Raw data ->
-- -- --

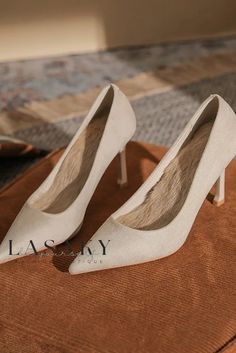 Lasaky - Elegant Pointed Toe Pumps with Sleek Slim Heel and Luxurious Velvet Uppers Halter Dress Short, Coat Shoes, Suede Fashion, Shoe Covers, Fashion Heels, Casual Sets, Summer Winter, Suede Heels, High Heel Shoes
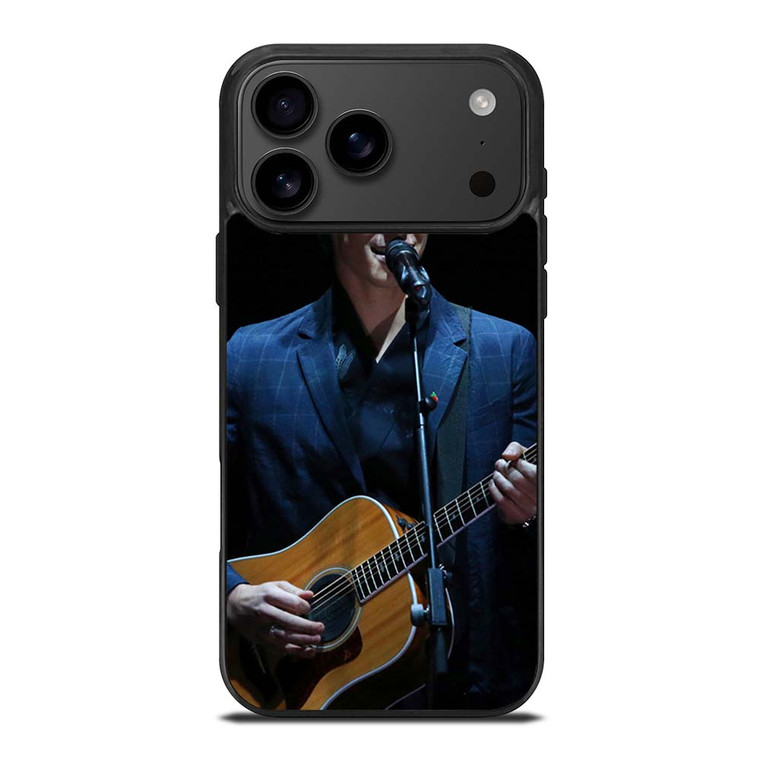 SHAWN MENDES AND GUITAR  iPhone 17 Pro Max Case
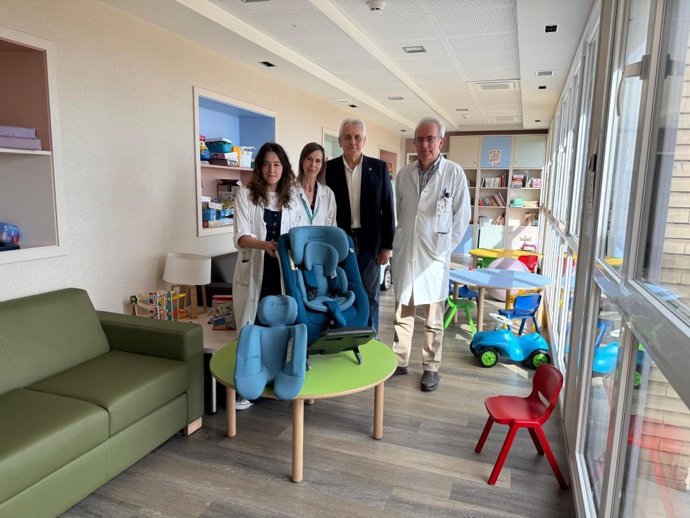Donan al Hospital Materno Infantil 20 sistemas de seguridad infantil para vehículos.
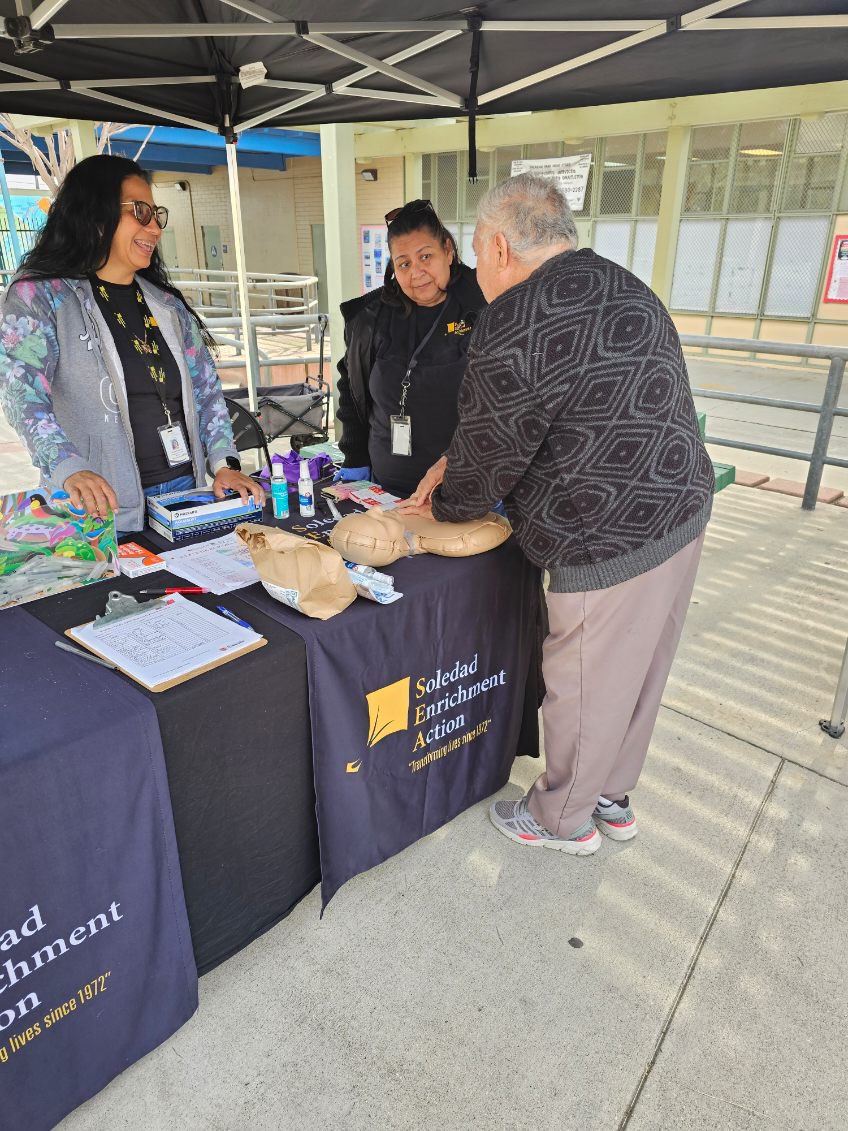SEAinAction's tweet photo. Check out a recent event at Salazar Park! Our CHWs and in collaboration with Kroger and DPH, were able to provide health screenings for high blood sugar levels,and vaccines. The team provided CPR training and (PPE), including masks and hand sanitizers, to community members! https://t.co/Qyd9eMkeRQ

-- -- --

Only exact repeats of the lines from the one containing "SHAWN MENDES AND" through the end of the listing above are wanted here; pictures are not.

 SHAWN MENDES AND GUITAR  iPhone 17 Pro Max Case
Donan al Hospital Materno Infantil 20 sistemas de seguridad infantil para vehículos.
SEAinAction's tweet photo. Check out a recent event at Salazar Park! Our CHWs and in collaboration with Kroger and DPH, were able to provide health screenings for high blood sugar levels,and vaccines. The team provided CPR training and (PPE), including masks and hand sanitizers, to community members! https://t.co/Qyd9eMkeRQ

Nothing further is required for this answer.